If you convert input code to continuation passing style (CPS) then you can get away with eliminating the stack altogether. However, while CPS is elegant it adds another processing step in the front end and requires additional optimization to overcome certain performance implications.


I remember reading an article that may be of help to you: Cheney on the M.T.A. :-)

Some implementations of Scheme I know of, such as SISC, allocate their call frames on the heap.

@ollie: You don't need to do the hoisting if all your call frames are on the heap. There's a tradeoff in performance, of course: the time to hoist, versus the overhead required to allocate all frames on the heap. Maybe it should be a tunable runtime parameter in the interpreter. :-P


If you are starting from scratch, you really should look in to Continuation Passing Style (CPS) transformation.

Good sources include "LISP in small pieces" and Marc Feeley's Scheme in 90 minutes presentation.
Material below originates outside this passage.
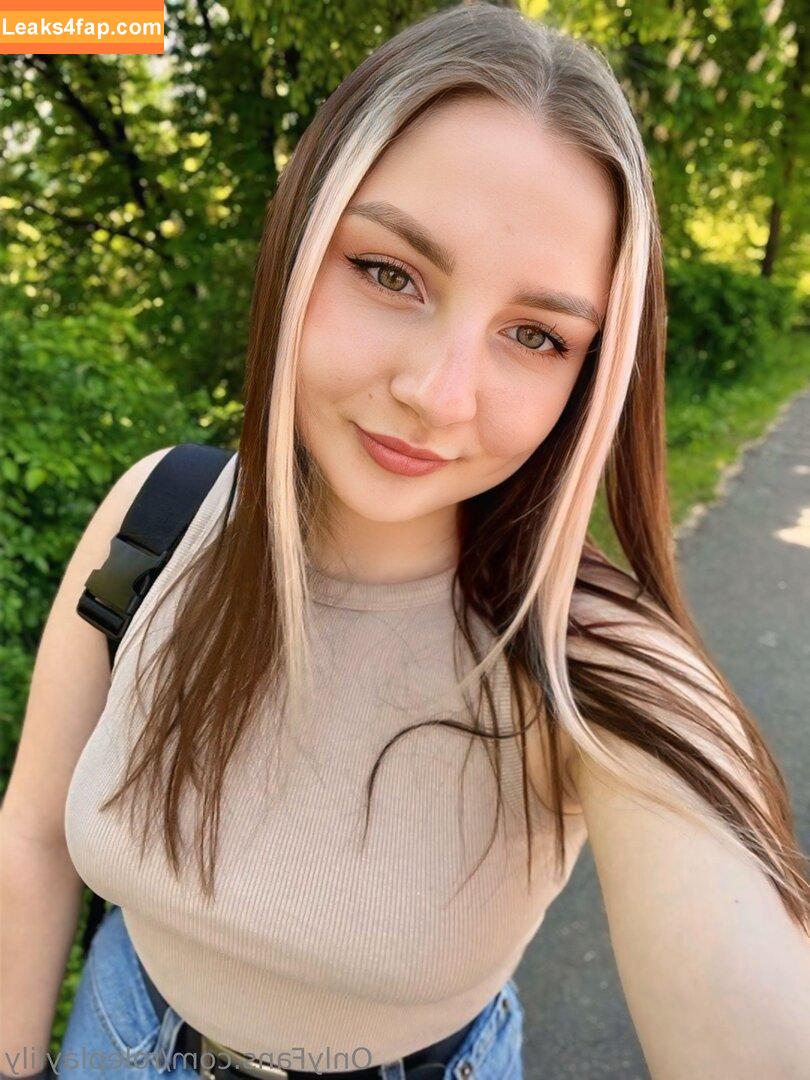 roleplaylily / cheerfullytanm / the.eah.lily слитое фото фото #0217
It seems Dybvig's thesis is unmentioned so far. It is a delight to read. The heap based model is the easiest to implement, but the stack based is more efficient. Ignore the string based model.

R. Kent Dybvig. "Three Implementation Models for Scheme". http://www.cs.indiana.edu/~dyb/papers/3imp.pdf

Also check out the implementation papers on ReadScheme.org. https://web.archive.org/http://library.readscheme.org/page8.html

The abstract is as follows:

This dissertation presents three implementation models for the Scheme Programming Language. The first is a heap-based model used in some form in most Scheme implementations to date; the second is a new stack-based model that is considerably more efficient than the heap-based model at executing most programs; and the third is a new string-based model intended for use in a multiple-processor implementation of Scheme.

The heap-based model allocates several important data structures in a heap, including actual parameter lists, binding environments, and call frames.

The stack-based model allocates these same structures on a stack whenever possible. This results in less heap allocation, fewer memory references, shorter instruction sequences, less garbage collection, and more efficient use of memory.

The string-based model allocates versions of these structures right in the program text, which is represented as a string of symbols. In the string-based model, Scheme programs are translated into an FFP language designed specifically to support Scheme. Programs in this language are directly executed by the FFP machine, a multiple-processor string-reduction computer.

The stack-based model is of immediate practical benefit; it is the model used by the author's Chez Scheme system, a high-performance implementation of Scheme. The string-based model will be useful for providing Scheme as a high-level alternative to FFP on the FFP machine once the machine is realized.